Summer is orientation season in higher education, as new students attend one-day or two-day sessions to prepare them for enrolling in classes in late August or early September. I was asked to be the presenter for an event called “Your Academic Success,” and delivered it this morning. Usually the presenter goes through a 20-minute PowerPoint that’s jam-packed with information about what it takes to do well as a college student. I figured that students (and a few parents who also attended) would not remember all of that stuff, so I discussed three broad-based elements:
- Study Smarter. According to College Rules! How to Study, Survive, and Succeed in College, “studying smarter means knowing and using the most appropriate strategies for each particular learning situation. It means having a pocketful of approaches that you can use depending on the course you are taking, the kind of test you are studying for, and how you learn best. Studying smarter means being flexible.” Indeed!
- Effective Time Management. A huge adjustment for students is the move from heavily scheduled lives with lots of reminders from parents and teachers to an environment when they have a lot of freedom and increased personal responsibility with few external checks. I shared my time management system, “the three Ts”: triage (prioritize potential tasks and requests into “do now,” “ignore,” or “do later”), track (have a to-do list to manage the triaged tasks; I use Remember the Milk), and trace (have established pathways that you do automatically, like checking email right after breakfast).

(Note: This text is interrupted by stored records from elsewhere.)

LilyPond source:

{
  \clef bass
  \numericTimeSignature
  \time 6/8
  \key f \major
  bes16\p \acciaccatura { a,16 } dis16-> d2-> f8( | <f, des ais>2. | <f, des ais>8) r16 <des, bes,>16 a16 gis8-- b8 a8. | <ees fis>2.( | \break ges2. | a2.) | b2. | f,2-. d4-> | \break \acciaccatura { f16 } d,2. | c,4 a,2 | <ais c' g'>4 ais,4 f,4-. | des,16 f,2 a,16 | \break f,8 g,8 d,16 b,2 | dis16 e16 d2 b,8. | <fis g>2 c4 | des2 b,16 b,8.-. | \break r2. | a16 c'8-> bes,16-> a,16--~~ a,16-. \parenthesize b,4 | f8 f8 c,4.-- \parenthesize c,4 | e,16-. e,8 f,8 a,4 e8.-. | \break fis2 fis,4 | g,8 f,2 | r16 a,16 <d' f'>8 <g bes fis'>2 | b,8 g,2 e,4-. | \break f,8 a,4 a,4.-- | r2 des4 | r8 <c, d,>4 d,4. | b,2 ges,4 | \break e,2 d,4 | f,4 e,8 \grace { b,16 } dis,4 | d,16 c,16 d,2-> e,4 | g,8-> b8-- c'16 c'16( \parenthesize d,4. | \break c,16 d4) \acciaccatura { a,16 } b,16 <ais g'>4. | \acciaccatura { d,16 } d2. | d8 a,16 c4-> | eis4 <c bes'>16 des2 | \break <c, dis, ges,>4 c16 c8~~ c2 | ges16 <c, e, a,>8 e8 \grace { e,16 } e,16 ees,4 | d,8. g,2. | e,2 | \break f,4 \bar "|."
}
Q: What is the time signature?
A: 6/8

- Follow Your Passions. I encouraged students to take classes just because they sound interesting, and to be open to choosing majors even if they don’t have explicit job connections. For the parents in the room I read some examples of careers recent alumni landed with social science majors, stressing that everyone does not have to major in a business or STEM field. One of the parents thanked me for this afterwards, noting that she and her husband both have graduate degrees in History and have well-paying jobs thanks to their well-rounded liberal arts backgrounds.
If you know a new college student please pass this post on to them, and also pass on my best wishes for a great first year!